Deepak Bhonagiri, David V Pilcher and Michael J Bailey
Med J Aust 2011; 194 (6): 287-292. || doi: 10.5694/j.1326-5377.2011.tb02976.x
Published online: 21 March 2011

Abstract

Objective: To study variation in mortality associated with time and day of admission to the intensive care unit (ICU).

Design: Retrospective cohort analysis using the Australian and New Zealand Intensive Care Society Adult Patient Database.

Setting and participants: 245 057 admissions to 41 Australian ICUs from January 2000 to December 2008.

Main outcome measures: Observed mortality and standardised mortality ratio (SMR) based on Acute Physiology and Chronic Health Evaluation III, 10th iteration (APACHE III-j) scores. Subgroup analysis was performed on the basis of elective surgical or emergency admission to ICU.

Results: 48% of patients were admitted after hours (18:00–05:59) and 20% of patients were admitted on weekends (Saturday and Sunday). Patients admitted after hours had a 17% hospital mortality rate compared with 14% of patients admitted in hours (P < 0.001); and SMRs of 0.92 (95% CI, 0.91–0.93) and 0.83 (95% CI, 0.83–0.84), respectively. Weekend admissions had a 20% hospital mortality rate compared with 14% on weekdays (P < 0.001), with SMRs of 0.95 (95% CI, 0.94–0.97) and 0.92 (95% CI, 0.92–0.93), respectively. Variation in outcome with time of admission to ICU was accounted for predominantly by elective surgical patients.

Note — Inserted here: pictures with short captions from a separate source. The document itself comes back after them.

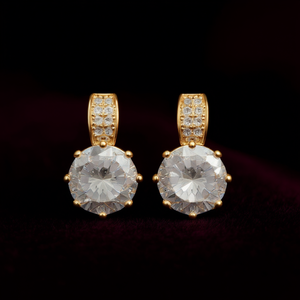 Orecchini a lobo classici in oro 18 carati con cristalli rotondi incastonati a griffe per donna, gioielli da matrimonio - Product Image 2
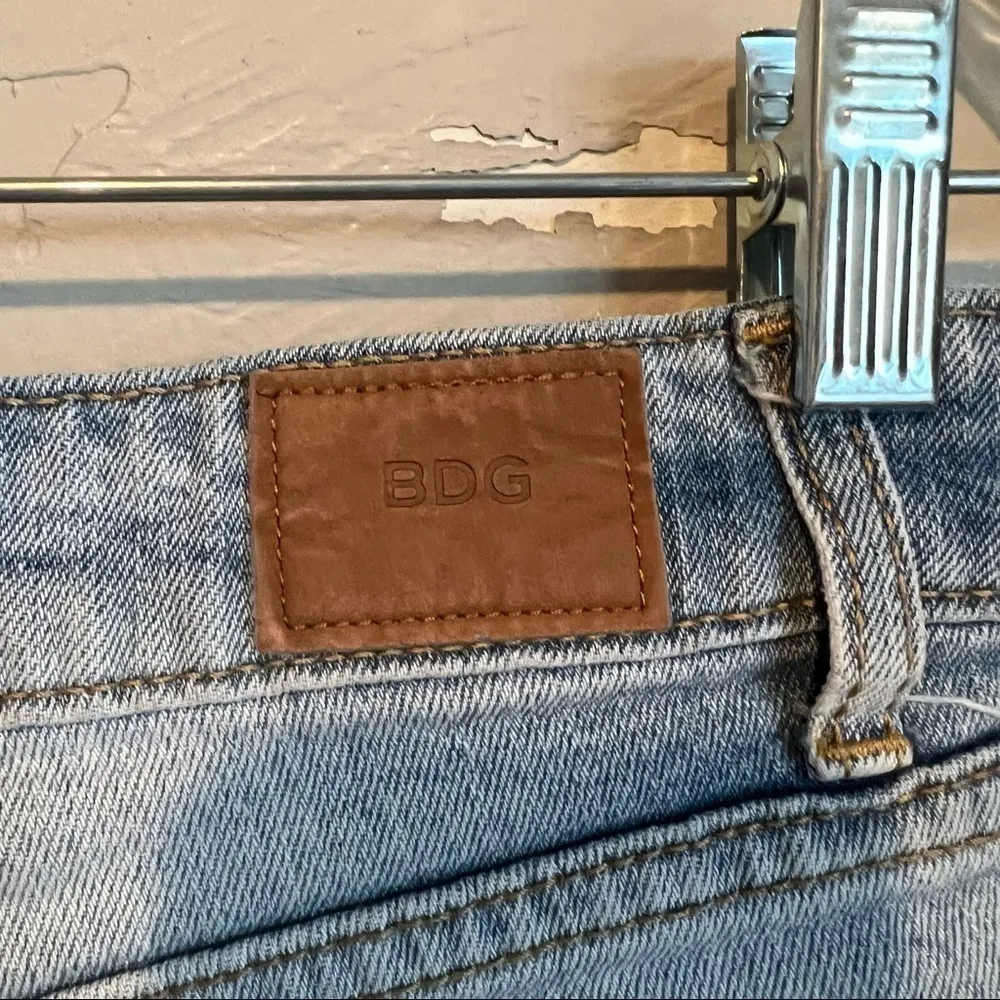 BDG Urban Outfitters Mid Rise Alexa 5‎ Pocket Cuffed Denim Shorts - Image 10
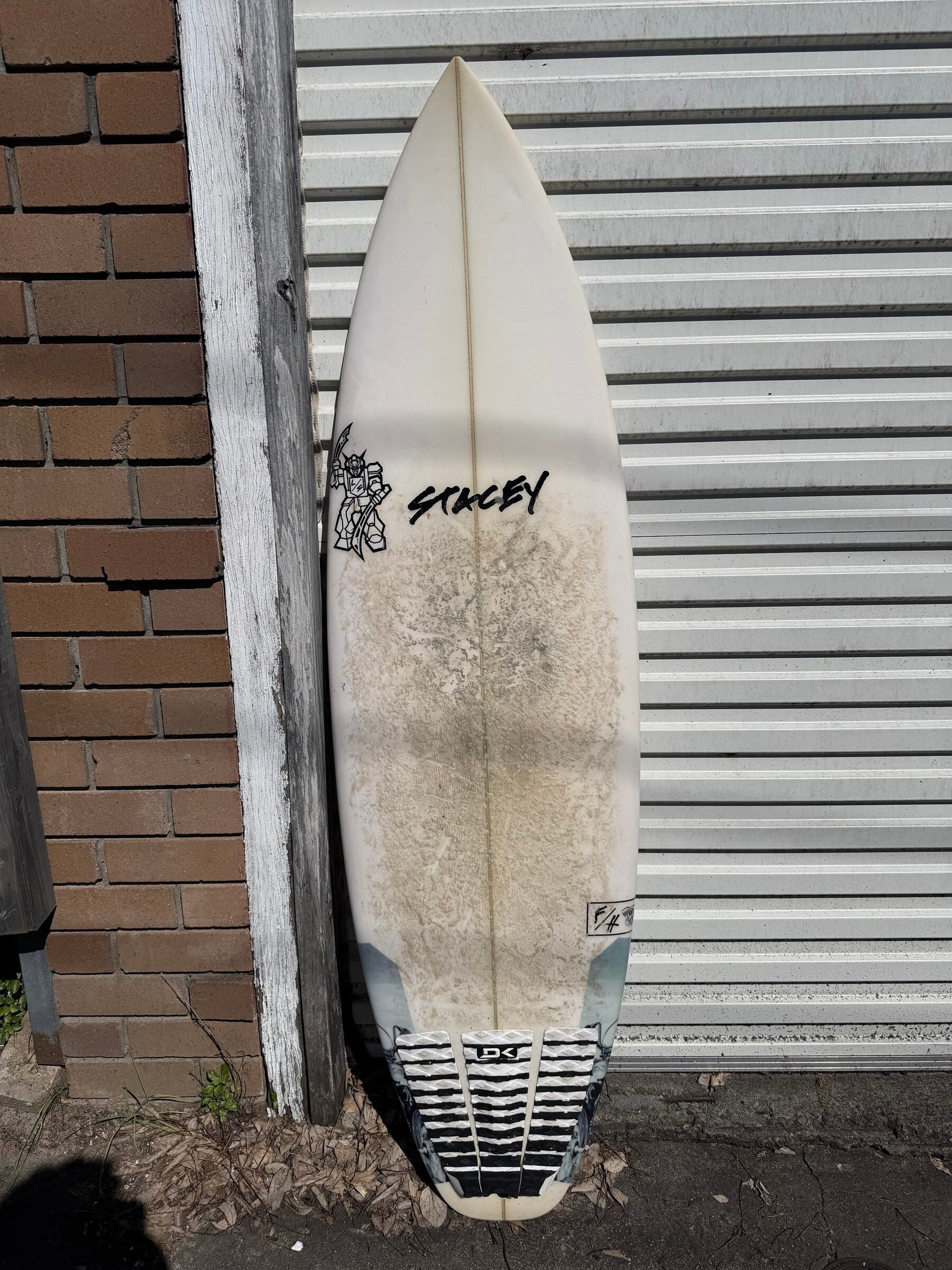 Stacey 5ft10 Shortboard 19 3/4 x 2 3/8 - Good Cond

Conclusions: Patients admitted to ICUs in Australia after hours and on weekends have a higher observed and risk-adjusted mortality than patients admitted at other times. Further research is required to determine the causes and relationship to resource availability and staffing.

Studies examining hospital mortality of patients admitted to intensive care units (ICUs) have revealed increased mortality after (or “off”) hours and on weekends.1-10 In most studies, however, this effect disappeared after controlling for illness severity.1,3-8,10 A systematic review and meta-analysis of the association between time of admission to the ICU and mortality found that patients admitted to the ICU during weekends had an 8% higher risk of death compared with patients admitted during weekdays, but found no such effect for after-hours admission.11

The Australian and New Zealand Intensive Care Society (ANZICS) Centre for Outcome and Resource Evaluation (CORE) manages the ANZICS Adult Patient Database (APD),12 which collects data on ICU admissions in Australian, New Zealand and, more recently, Hong Kong hospitals, and now holds over a million records. The minimum dataset and data definitions used are available on the ANZICS CORE website (http://anzics.com.au/core).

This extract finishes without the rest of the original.